TheOdinProject / curriculum

The open curriculum for learning web development
https://www.theodinproject.com/
Other
9.8k stars 13.15k forks source link

Javascript: HashMap Data Structure: Illogical Content Order and Phrasing #27174

Open columk1 opened 8 months ago

columk1 commented 8 months ago

Checks

Describe your suggestion

I found a number of phrases in this lesson to be ambiguous or misleading.

1. Use of nodes before linked list is mentioned.

To get a value using a key, we put each entry inside a bucket as a Node item, which holds both the key and the value. To retrieve the value, we hash the key and calculate its bucket number. If the bucket is not empty, then we go to that bucket and compare if the Node’s key is the same key that is already in the bucket. If it is, then we can return the Node’s value.

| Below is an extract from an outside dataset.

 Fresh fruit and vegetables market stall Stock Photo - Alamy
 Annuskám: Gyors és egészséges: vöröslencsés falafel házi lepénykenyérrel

Otherwise, we return null.

It's not clear what a "Node item" is here since at this point we haven't been told about the linked list. It's also unclear why the key would be stored in the node if there is only one value per key. The whole process described here seemed out of place to me. It's hard to understand what a hashmap actually is when the descriptions are already factoring in collision resolution strategies before the idea of collisions has been presented.

Suggestion I think this whole "Buckets" section is ambiguous and that all references to nodes before the collisions section should be removed. The core concept of a hashmap should be presented first, i.e. describe it as an array where the index is the hashed key and the value at that index is just the value, not a node. The value gets overwritten if a new key is added with the same hash.

If we really want to introduce the idea of storing the key and value together before the idea of the linked list, we can include it as a potential way to protect against overwriting a value when a key produces the same hash as another key. However, I think it should either be moved to the next section or mentioned as a brief introduction to collisions with a caveat that a much better method will be described in the next section.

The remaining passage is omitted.